[THE INPUT — start]

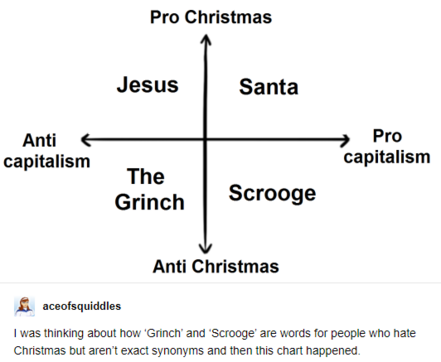 Political compass meme format. Horizontal axes labelled anticapitalism-pro capitalism; vertical Pro christmas-anti christmas.
Pro christmas/anti capitalism: Jesus
Anti christmas/anti capitalism: the grinch
Pro christmas/Pro capitalism: Santa
Pro capitalism/anti christmas: scrooge
"I was thinking about how grinch and scrooge are words for people who hate christmas but aren't exactly synonyms then this chart happened"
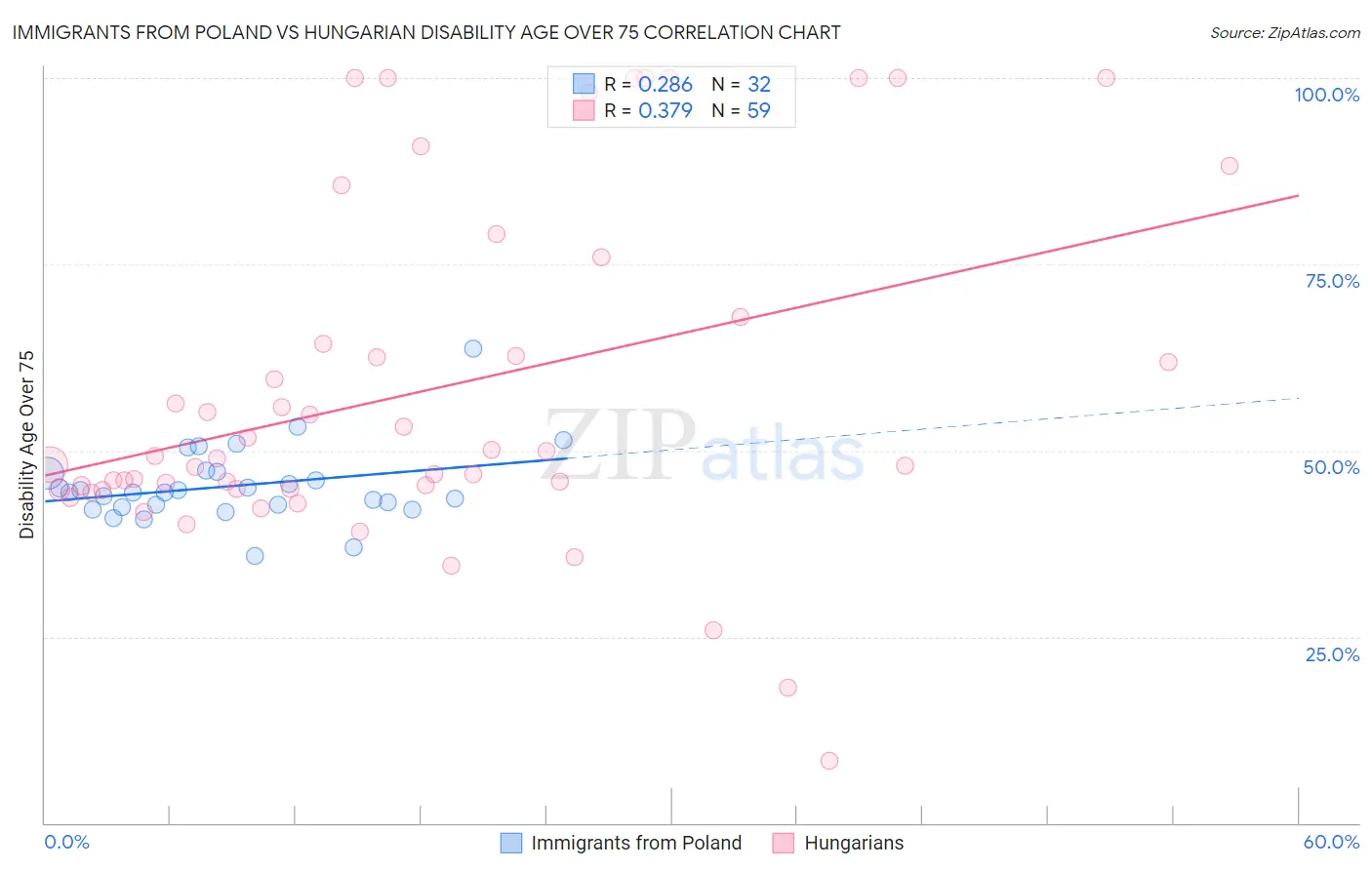 Immigrants from Poland vs Hungarian Disability Age Over 75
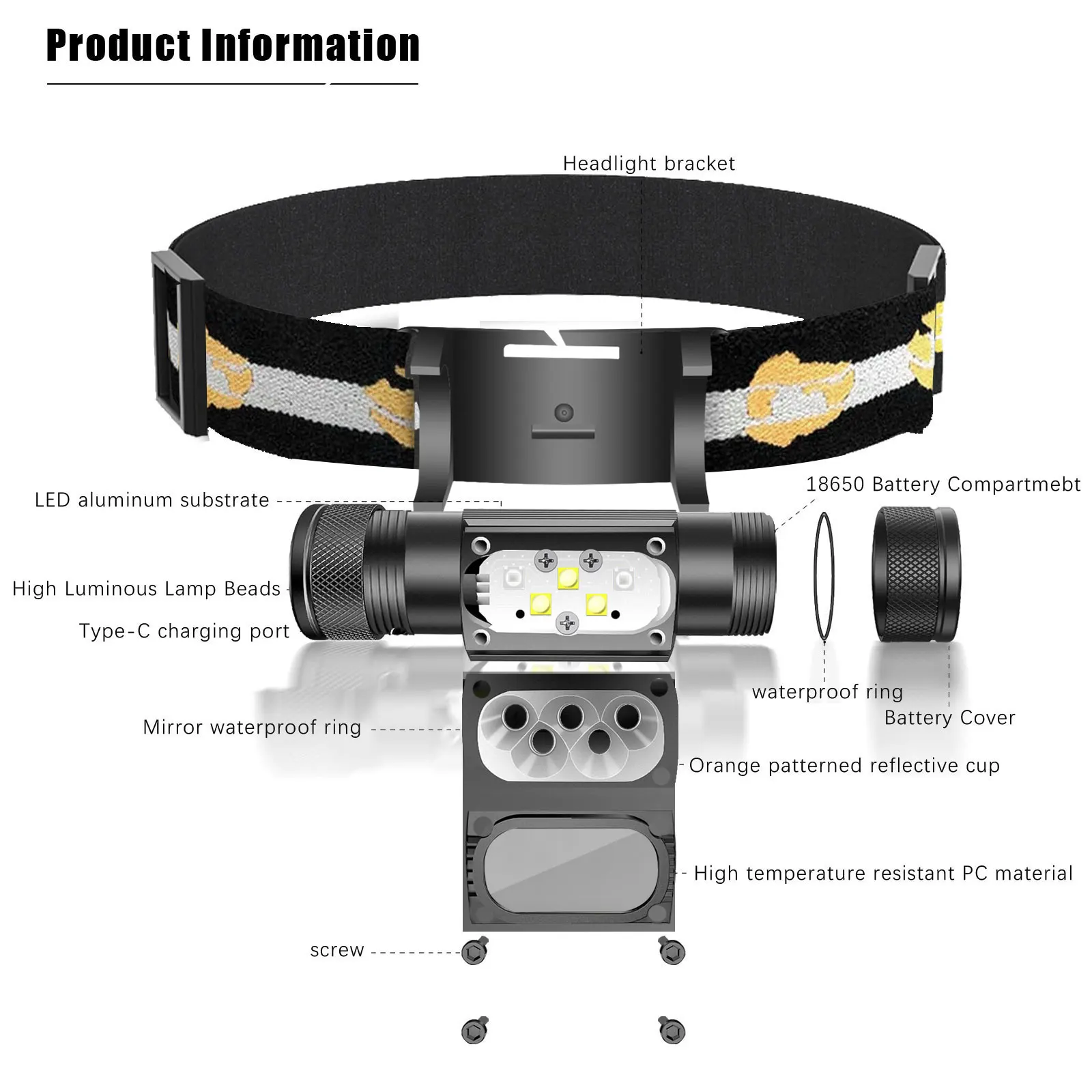 UV Headlamp Black Light 395 NM Ultraviolet Headlight Head Torch Flash Lamp Blacklight Detector for Dog Urine Pet Stain Bed Bug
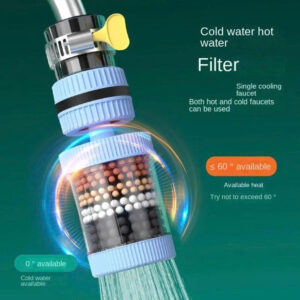 Đầu Lọc Nước Gắn Trực Tiếp Tại Vòi 6 Tầng Lọc Xoay 360°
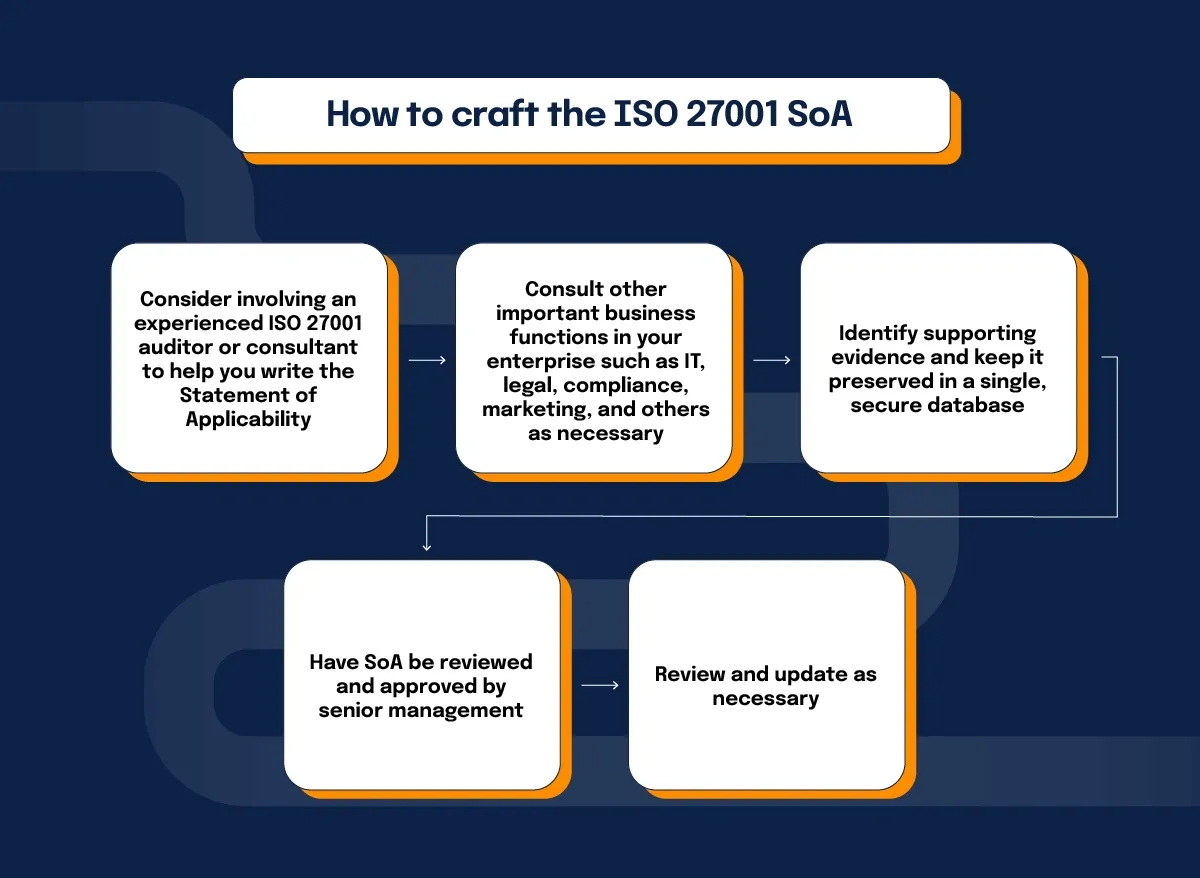 Steps to craft an ISO 27001 Statement of Applicability including consultation, evidence preservation, and management review.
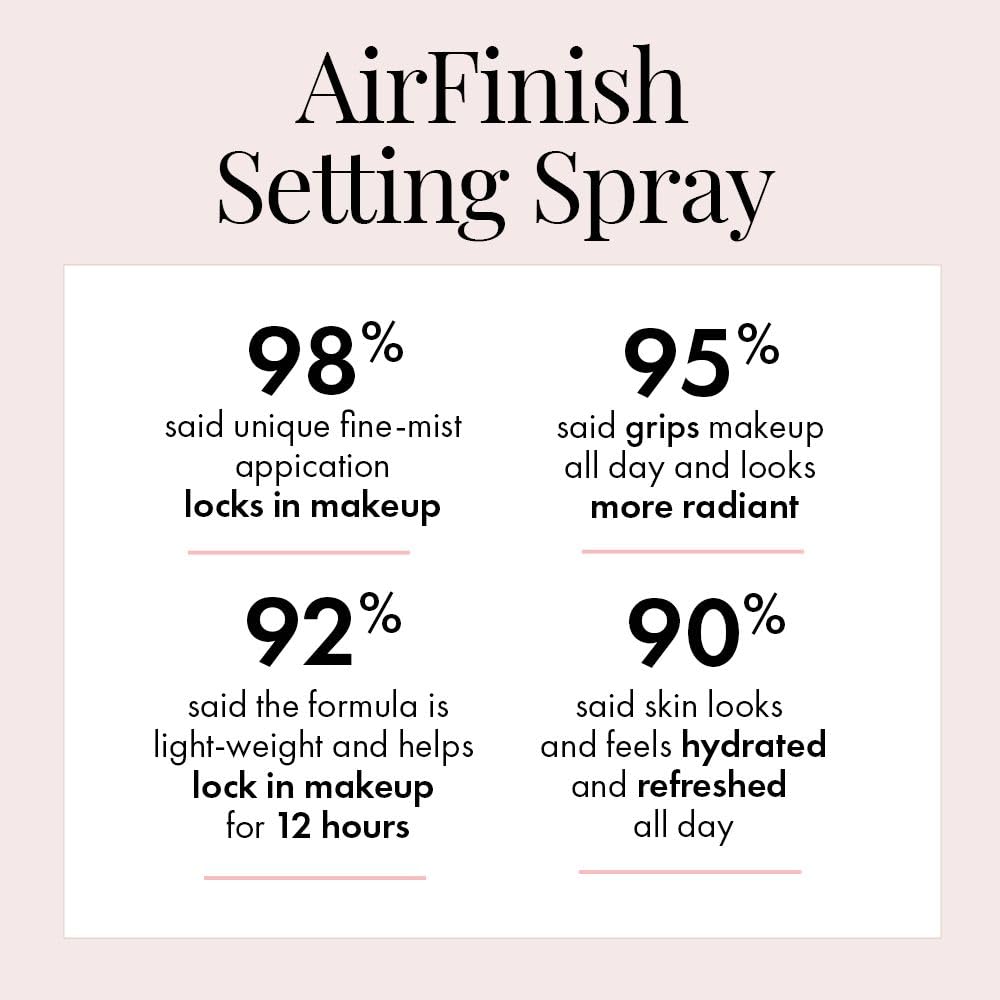 Jerome Alexander Magicminerals Airfinish Setting Spray, Long-Lasting Finishing Spray, Weightless-Feel, Flawless, Matte Coverage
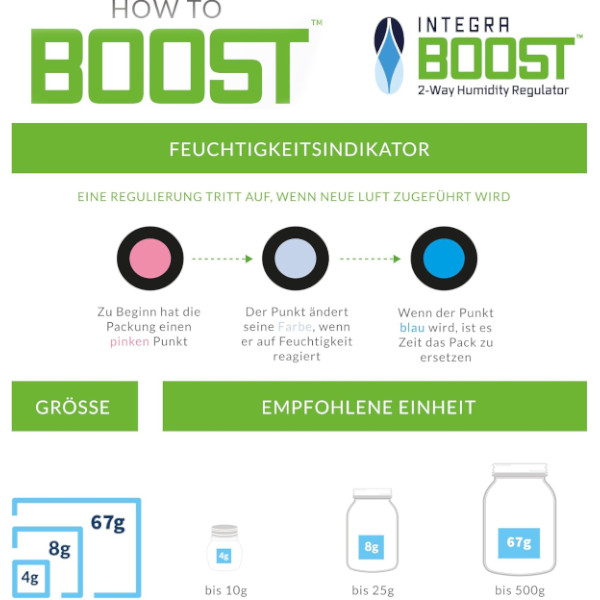 IntegraBoost anwendung bischofbergergardening.ch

[THE INPUT — finish]

ABOUT THIS EXERCISE – Give the entries again, exactly and in full, with no image included.

SOLUTION FOR THIS EXERCISE –
 Political compass meme format. Horizontal axes labelled anticapitalism-pro capitalism; vertical Pro christmas-anti christmas.
Pro christmas/anti capitalism: Jesus
Anti christmas/anti capitalism: the grinch
Pro christmas/Pro capitalism: Santa
Pro capitalism/anti christmas: scrooge
"I was thinking about how grinch and scrooge are words for people who hate christmas but aren't exactly synonyms then this chart happened"
 Immigrants from Poland vs Hungarian Disability Age Over 75
 UV Headlamp Black Light 395 NM Ultraviolet Headlight Head Torch Flash Lamp Blacklight Detector for Dog Urine Pet Stain Bed Bug
 Đầu Lọc Nước Gắn Trực Tiếp Tại Vòi 6 Tầng Lọc Xoay 360°
 Steps to craft an ISO 27001 Statement of Applicability including consultation, evidence preservation, and management review.
 Jerome Alexander Magicminerals Airfinish Setting Spray, Long-Lasting Finishing Spray, Weightless-Feel, Flawless, Matte Coverage
 IntegraBoost anwendung bischofbergergardening.ch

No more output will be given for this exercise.